Official Name: Isla de Pascua

Alternative Name: Rapa Nui

First European to visit: Jacob Roggeveen

Annexation to Chile: 9 September, 1888

Designation: World Heritage Site (UNESCO)


  • The first known traveler arriving on this island from Europe was a Dutch named Jacob Roggeveen. In 1722, he was looking for David’s island but he came across Easter Island along the way. That day was Easter Sunday and so, he named this island as Paasch-Eyland in Dutch which means ‘Easter Island.’
  • The accounts of Roggeveen show that Rapa Nui people used to grow sweet potatoes, bananas and sugar cane on this island.
  • This island was first inhabited in about 300 to 1200 CE.
  • Rapa Nui people colonized this island between 700 and 1100 CE.
  • It is assumed that Polynesians may have come from South America. This argument is backed up by the presence of sweet potato, which was the favorite crop of Polynesians. Sweet potato in turn was originated in South America.
  • The Polynesians arrived on this island possibly from Mangareva Islands or perhaps from Marquesas Islands.
  • At a time when people initially arrived, there were a lot of tree species on this island. But Polynesian rat has possibly destroyed plantation of these species.
  • Until 1622, the population of Rapa Nui was estimated to be 15,000.
  • In 1722, the island was occupied by just about 2,000 to 3,000 people. Moreover, almost all of the species of birds and 21 species of trees were also destroyed up to that time.
  • Today, there are almost 4,000 inhabitants on this island. Most of them speak Spanish instead of their native language, Rapa Nui.
  • The words of Rapa Nui language bear great resemblance to Mangareva language. Almost 80 percent of the words are similar in both languages. Mangareva is also a Polynesian language which is spoken by people living in Mangareva or Gambier islands.
  • The trees were cut down on such a massive scale that the maximum height of trees on this island was just about 10 feet (3 metres) high. Due to this deforestation, seabirds became extinct and the crops were also affected since shadow of trees was no longer present due to their small size.

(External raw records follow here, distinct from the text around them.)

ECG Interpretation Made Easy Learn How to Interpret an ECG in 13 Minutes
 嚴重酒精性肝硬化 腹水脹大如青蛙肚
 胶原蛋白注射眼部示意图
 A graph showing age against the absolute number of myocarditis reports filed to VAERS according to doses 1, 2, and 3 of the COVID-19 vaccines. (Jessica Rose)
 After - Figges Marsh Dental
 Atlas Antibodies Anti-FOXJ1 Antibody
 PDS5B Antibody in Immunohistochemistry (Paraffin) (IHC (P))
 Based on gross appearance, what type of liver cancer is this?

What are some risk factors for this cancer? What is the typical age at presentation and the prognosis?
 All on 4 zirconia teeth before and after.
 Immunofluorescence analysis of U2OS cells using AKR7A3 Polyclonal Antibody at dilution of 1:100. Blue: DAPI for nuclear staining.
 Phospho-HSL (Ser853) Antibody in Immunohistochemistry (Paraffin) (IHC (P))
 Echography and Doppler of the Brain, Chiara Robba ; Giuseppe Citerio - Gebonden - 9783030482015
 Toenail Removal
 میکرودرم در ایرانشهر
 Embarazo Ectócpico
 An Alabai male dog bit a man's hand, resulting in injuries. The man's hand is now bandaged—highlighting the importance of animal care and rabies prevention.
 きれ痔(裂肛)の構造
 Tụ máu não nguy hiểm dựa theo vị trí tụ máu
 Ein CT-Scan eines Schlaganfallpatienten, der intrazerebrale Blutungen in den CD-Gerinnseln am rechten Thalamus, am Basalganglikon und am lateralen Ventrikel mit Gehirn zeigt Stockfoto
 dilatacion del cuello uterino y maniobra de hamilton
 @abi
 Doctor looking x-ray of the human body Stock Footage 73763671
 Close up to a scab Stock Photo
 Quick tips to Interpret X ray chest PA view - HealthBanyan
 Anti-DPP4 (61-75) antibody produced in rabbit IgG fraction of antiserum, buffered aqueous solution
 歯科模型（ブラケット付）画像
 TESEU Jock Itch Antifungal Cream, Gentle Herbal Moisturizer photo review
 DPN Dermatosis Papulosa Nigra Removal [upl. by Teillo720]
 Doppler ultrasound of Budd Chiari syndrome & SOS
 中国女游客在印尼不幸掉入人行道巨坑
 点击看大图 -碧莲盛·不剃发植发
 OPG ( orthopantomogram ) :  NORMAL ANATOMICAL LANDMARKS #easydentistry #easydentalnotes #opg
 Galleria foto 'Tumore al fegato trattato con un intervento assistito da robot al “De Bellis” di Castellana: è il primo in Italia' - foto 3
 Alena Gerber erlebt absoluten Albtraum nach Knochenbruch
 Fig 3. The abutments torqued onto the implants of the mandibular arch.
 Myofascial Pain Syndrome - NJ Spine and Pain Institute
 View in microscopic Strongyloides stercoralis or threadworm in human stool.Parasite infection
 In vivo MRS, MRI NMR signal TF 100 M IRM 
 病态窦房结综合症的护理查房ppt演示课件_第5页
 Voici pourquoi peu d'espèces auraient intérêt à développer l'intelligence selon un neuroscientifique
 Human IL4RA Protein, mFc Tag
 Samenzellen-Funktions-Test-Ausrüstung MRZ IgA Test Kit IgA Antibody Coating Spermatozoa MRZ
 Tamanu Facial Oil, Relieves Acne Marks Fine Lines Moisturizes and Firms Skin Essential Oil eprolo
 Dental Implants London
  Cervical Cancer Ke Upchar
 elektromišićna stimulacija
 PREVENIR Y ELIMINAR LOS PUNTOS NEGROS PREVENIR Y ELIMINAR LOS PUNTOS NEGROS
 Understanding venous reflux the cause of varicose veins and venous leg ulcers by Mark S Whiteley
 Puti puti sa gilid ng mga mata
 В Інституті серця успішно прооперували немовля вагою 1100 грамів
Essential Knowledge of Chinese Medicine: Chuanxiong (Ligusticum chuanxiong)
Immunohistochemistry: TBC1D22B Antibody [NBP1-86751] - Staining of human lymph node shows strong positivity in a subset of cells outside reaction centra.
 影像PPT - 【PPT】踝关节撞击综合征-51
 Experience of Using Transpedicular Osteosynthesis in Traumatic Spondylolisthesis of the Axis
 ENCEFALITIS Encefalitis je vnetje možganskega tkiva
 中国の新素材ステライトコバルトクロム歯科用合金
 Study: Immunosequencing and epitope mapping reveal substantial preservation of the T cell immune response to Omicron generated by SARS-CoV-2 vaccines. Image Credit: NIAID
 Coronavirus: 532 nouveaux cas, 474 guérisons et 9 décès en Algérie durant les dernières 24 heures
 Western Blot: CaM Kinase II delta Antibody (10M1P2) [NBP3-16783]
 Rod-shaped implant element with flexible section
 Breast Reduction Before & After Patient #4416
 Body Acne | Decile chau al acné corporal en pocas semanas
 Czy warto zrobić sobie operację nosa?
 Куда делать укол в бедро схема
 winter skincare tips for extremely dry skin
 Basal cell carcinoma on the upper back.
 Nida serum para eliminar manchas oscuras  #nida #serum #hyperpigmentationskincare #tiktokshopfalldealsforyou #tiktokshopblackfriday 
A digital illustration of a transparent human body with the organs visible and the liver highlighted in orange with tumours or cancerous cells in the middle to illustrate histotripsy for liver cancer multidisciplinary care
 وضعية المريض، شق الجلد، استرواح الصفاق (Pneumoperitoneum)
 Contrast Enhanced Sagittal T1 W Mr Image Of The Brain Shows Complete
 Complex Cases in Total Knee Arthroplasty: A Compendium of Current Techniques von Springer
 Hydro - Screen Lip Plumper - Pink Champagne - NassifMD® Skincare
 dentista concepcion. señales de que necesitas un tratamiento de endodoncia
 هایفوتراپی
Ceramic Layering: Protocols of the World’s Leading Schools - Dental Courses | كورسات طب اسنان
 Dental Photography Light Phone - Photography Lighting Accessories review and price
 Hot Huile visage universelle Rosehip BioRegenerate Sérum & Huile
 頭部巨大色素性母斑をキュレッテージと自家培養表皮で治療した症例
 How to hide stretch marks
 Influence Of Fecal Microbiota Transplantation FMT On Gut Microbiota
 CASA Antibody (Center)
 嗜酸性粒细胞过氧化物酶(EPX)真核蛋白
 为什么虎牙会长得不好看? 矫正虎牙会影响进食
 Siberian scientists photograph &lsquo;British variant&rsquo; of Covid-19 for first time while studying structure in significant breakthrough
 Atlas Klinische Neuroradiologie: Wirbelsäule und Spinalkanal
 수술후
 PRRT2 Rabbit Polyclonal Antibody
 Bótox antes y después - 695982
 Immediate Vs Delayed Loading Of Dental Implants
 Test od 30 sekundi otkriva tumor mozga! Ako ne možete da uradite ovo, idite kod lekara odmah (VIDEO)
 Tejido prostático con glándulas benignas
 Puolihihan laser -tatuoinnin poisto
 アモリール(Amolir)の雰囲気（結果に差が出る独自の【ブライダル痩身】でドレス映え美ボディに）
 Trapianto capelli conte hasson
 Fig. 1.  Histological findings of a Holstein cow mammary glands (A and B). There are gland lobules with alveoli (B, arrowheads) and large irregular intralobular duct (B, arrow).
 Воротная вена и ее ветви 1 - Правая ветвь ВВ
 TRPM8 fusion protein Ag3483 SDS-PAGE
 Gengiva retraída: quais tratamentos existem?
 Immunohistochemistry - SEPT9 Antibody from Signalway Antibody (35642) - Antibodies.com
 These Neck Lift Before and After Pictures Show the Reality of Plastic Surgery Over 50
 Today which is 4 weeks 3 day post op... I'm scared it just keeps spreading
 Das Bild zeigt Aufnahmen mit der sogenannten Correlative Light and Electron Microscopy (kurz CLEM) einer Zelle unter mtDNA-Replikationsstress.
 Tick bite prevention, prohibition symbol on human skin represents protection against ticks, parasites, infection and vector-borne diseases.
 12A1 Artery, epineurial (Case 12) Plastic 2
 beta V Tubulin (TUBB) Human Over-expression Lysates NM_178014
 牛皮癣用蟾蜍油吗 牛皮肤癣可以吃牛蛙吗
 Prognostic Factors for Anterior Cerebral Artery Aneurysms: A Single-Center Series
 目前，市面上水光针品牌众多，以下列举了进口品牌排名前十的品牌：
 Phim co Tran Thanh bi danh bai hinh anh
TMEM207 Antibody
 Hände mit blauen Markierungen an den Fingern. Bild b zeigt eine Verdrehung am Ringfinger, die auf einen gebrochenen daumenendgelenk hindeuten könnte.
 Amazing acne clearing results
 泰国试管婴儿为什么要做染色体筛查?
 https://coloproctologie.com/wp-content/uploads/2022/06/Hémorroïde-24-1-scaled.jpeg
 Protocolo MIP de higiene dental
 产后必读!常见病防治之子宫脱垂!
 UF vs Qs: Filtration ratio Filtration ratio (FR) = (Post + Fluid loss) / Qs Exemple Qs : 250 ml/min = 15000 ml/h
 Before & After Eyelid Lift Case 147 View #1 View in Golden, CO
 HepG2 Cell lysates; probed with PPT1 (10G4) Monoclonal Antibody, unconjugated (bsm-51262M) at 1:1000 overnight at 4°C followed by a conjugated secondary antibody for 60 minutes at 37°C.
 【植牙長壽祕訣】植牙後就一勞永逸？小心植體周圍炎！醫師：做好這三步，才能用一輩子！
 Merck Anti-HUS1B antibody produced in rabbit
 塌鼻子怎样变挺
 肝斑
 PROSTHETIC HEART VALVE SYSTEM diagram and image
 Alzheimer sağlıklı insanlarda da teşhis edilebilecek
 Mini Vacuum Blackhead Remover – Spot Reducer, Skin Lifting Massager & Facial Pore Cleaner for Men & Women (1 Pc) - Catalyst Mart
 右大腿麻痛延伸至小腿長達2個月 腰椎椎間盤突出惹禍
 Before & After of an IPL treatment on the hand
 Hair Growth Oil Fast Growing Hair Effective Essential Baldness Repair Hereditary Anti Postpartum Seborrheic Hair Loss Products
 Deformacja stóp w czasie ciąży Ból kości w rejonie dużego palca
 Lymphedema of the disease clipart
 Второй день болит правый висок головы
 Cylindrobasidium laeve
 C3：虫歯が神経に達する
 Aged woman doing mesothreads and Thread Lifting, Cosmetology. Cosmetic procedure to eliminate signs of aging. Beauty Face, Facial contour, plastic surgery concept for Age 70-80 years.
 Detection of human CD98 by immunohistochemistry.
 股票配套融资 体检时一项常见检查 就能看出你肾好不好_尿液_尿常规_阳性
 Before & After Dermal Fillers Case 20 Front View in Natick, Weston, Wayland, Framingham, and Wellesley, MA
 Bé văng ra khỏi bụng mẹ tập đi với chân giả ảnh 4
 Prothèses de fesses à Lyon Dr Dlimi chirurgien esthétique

  • Easter Island is home to 887 moai.
  • These statues are often referred to as ‘Easter Island heads’.
  • Every statue was built by 5 to 6 people and took them one year to complete it.
  • The head of each moai (or statue) was a symbol of head of lineage that had died.
  • ‘Paro’ is the name of the biggest moai and it stands about 9.8 metres (32 feet) high.
  • It takes about 200 to 250 people to move one moai from one place to another.
  • More recently, 50 moai were built and the name of one such moai is Ahu Ature Huke. It was built in 1956 and situated on the sand beach of this island called Anakena.
  • The stone platforms of moai are called Ahu.
  • There are 313 known ahu (or stone platforms) on this island. Out of these, only 125 ahu contain moai.
  • The largest ahu on this island is called Ahu Tongariki which is one kilometer in length. It contains the tallest moai. There are 15 statues on this platform and these were dug out in the 1990s.
  • Ahu Akivi has seven moai. But the unique thing is that all of the moai of this ahu face Pacific Ocean. It was recovered in 1960 by an American anthropologist named William Mulloy.
  • The heaviest moai weighs 86 tonnes and it is situated on Ahu Tongariki.